• Task inputs:
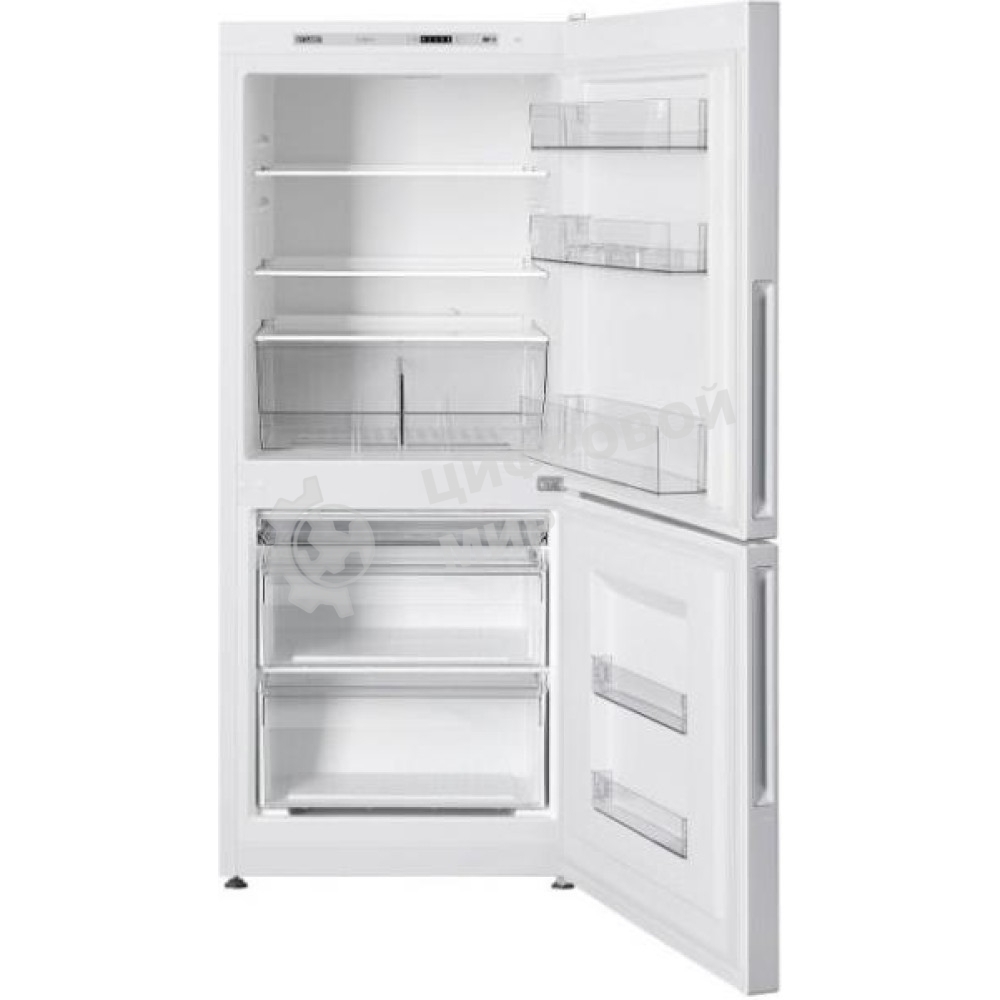 Холодильник Atlant XM 4608-101 белый двухкамерный 148/79л морозилка снизу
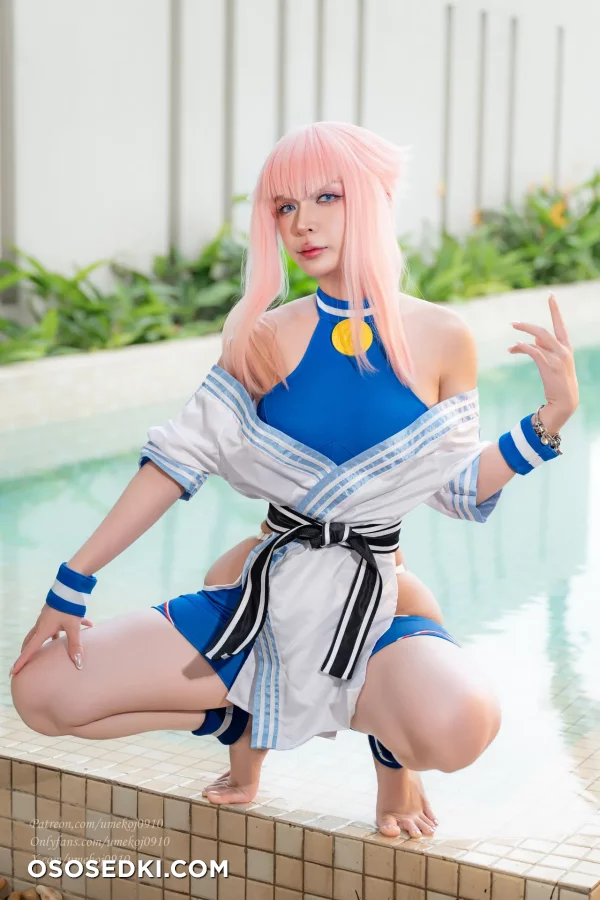 Umeko J - Manon Legrand - Street Fighter - 4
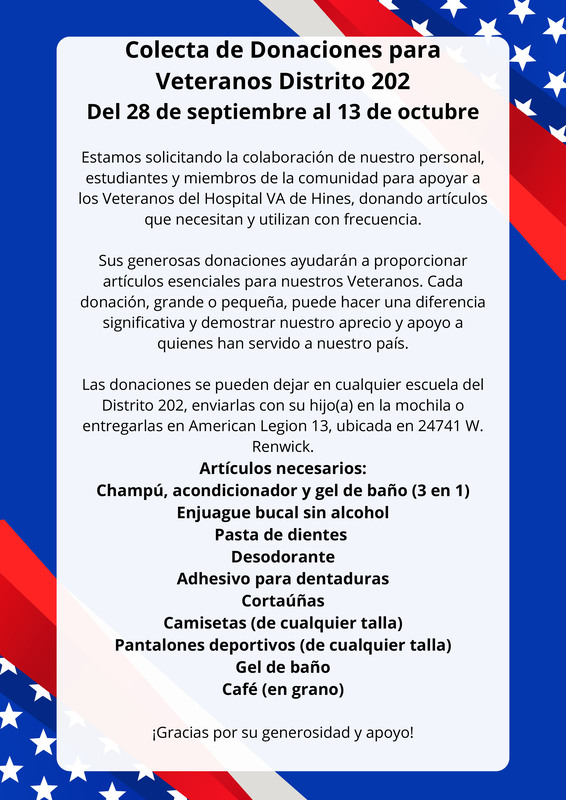 Veteran Flyer Spanish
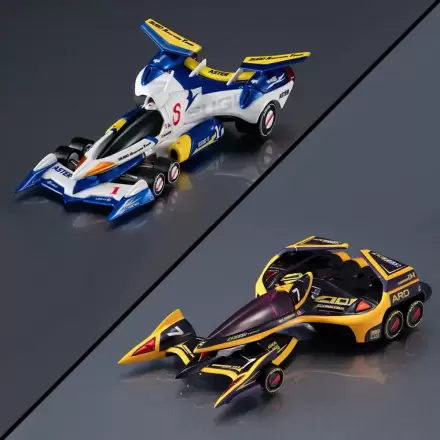 Future GPX Cyber Formula Vehicle Experion Z/A-8 Knight Shoemach Model C.F.C Heritage Edition 7 cm poza produsului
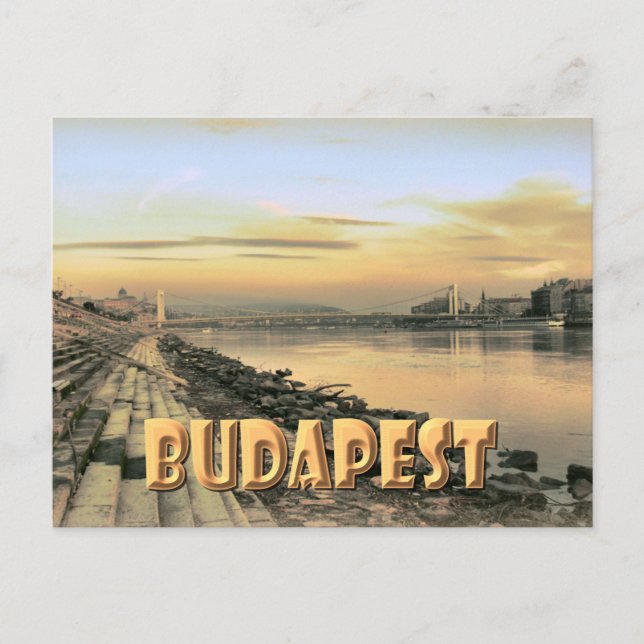 Postal Budapest (Anverso)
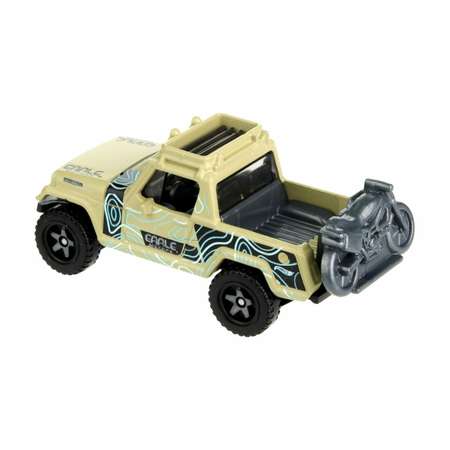 Коллекционная машинка Hot Wheels 67 Jeepster Commando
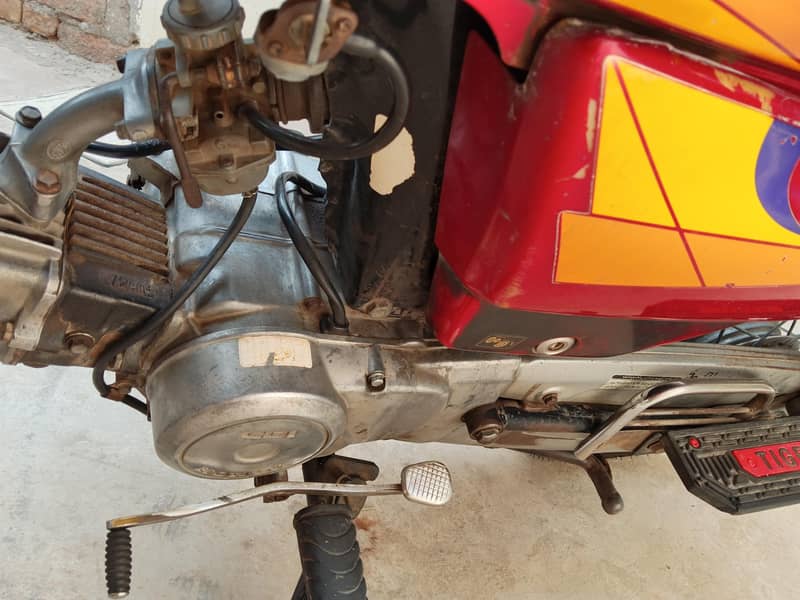 Honda CD 2004 4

• What this task involves:
Exclude images. Return the data above verbatim.

• Task solution:
 Холодильник Atlant XM 4608-101 белый двухкамерный 148/79л морозилка снизу
 Umeko J - Manon Legrand - Street Fighter - 4
 Veteran Flyer Spanish
 Future GPX Cyber Formula Vehicle Experion Z/A-8 Knight Shoemach Model C.F.C Heritage Edition 7 cm poza produsului
 Postal Budapest (Anverso)
 Коллекционная машинка Hot Wheels 67 Jeepster Commando
 Honda CD 2004 4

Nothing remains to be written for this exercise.